++++ THE DATA
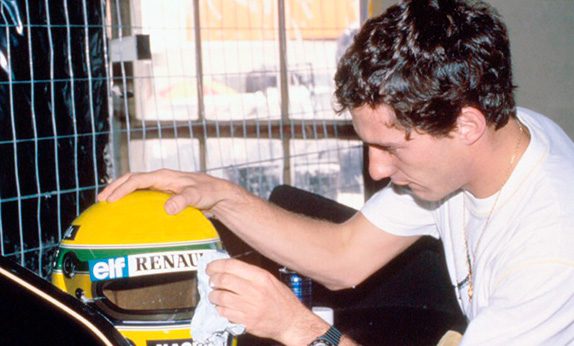 Айртон Сенна на Гран При ЮАР 1985 года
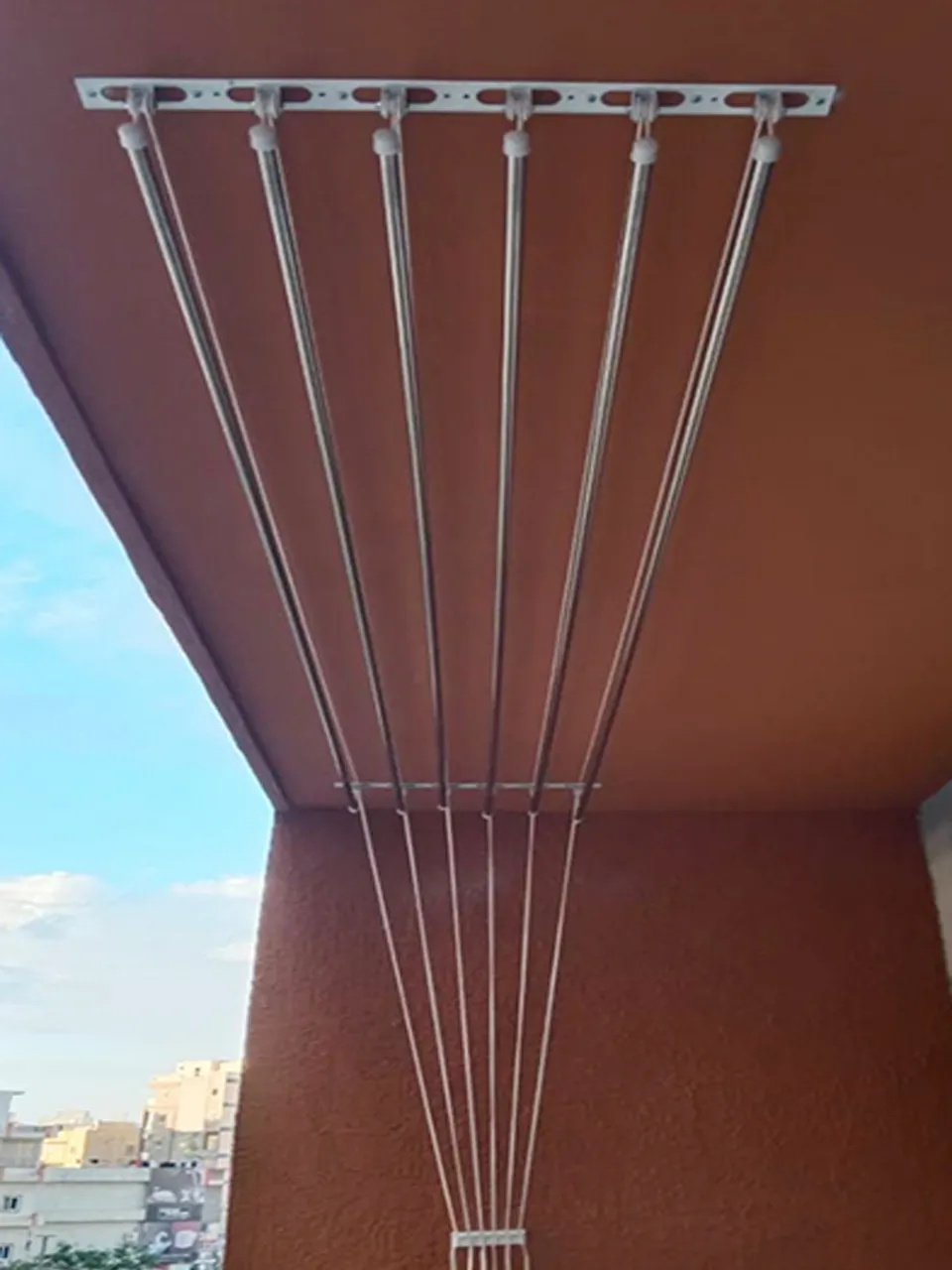 City Hangers Cloth Hanger Installation in Bangalore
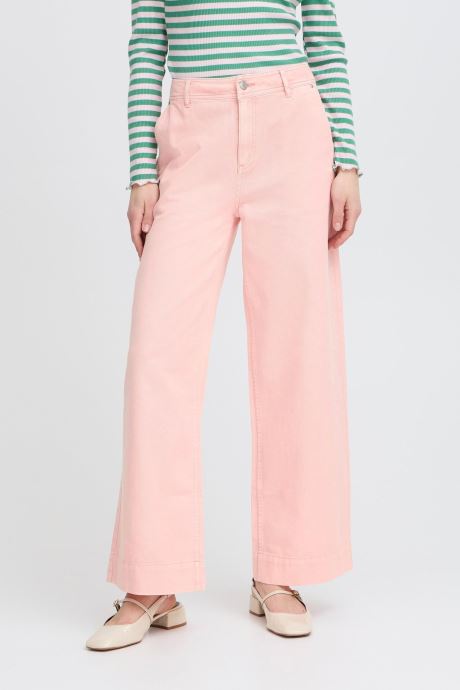 B-Young Mom jeans Bykainno Jeans dames roze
++++++++
■ ABOUT THIS TASK
From the material above, print everything exactly except the pictures.

■ FINAL ANSWER
 Айртон Сенна на Гран При ЮАР 1985 года
 City Hangers Cloth Hanger Installation in Bangalore
 B-Young Mom jeans Bykainno Jeans dames roze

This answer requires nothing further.